When beloved actor Philip Seymour Hoffman died of a heroin overdose earlier this year, the NYPD made a special push to find someone to blame. “An internal email went out to all supervisors asking if anyone has had any experience with those brand names of drugs,” the New York Post reported at the time, in reference to the specific heroin baggies found at Hoffman’s apartment.

Robert Aaron, née Vineberg, a longtime addict and musician who’s played with David Bowie and Amy Winehouse, took the fall two days later, when his Mott Street apartment was raided and police turned up 296 baggies of heroin, worth about $3,000. But yesterday, Aaron pleaded guilty to possession and had the more serious charges for selling dropped, the New York Times reports. He insists he never sold to Hoffman, who didn’t like the quality of his stuff, but whom he did consider a friend.

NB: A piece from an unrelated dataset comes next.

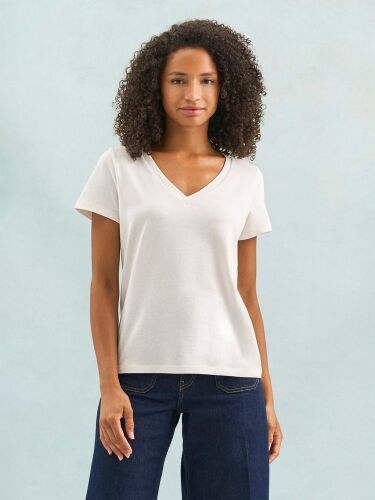 Футболка женская Regent Women с V-образным вырезом, молочно-бела 4
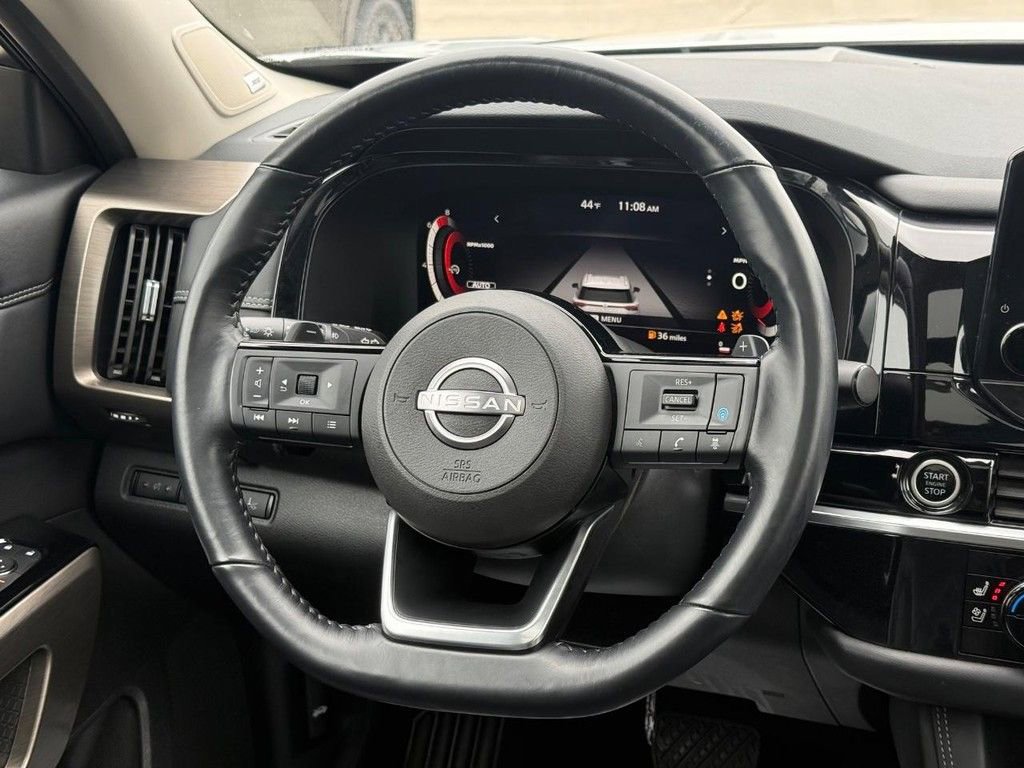 Used 2023 Nissan Pathfinder Platinum AWD/4WD image 19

According to the Times, police did not read Aaron his Miranda rights after his arrest, so his initial statements were not permissible in court (he says he was dopesick and lying at the time anyway). Although it satisfied the tabloids for the moment, Aaron’s "dealer" connection to the actor’s overdose was always tenuous. From the Times, back in April:

Since the night of his arrest, when a police official told reporters that an informer said he had seen Mr. Hoffman in Mr. Aaron’s apartment sometime “in the past,” the Police Department appears to have moved away from the Hoffman angle. The police and the district attorney’s office both declined to answer questions about the tipster or the tip; when Mr. Aaron was formally charged — with possession of heroin with intent to sell — the indictment made no mention of Mr. Hoffman.

“At some level, it’s like the Salem witch trials,” said Aaron at the time. “You can’t have a witch hunt without a witch. I’m just unlucky enough to be the guy. You gotta have a human sacrifice, and that’s what I am.”

On Thursday, he agreed to five years probation, 25 days of community service, and court-supervised rehab. Then he went to go play a show at B.B. King’s.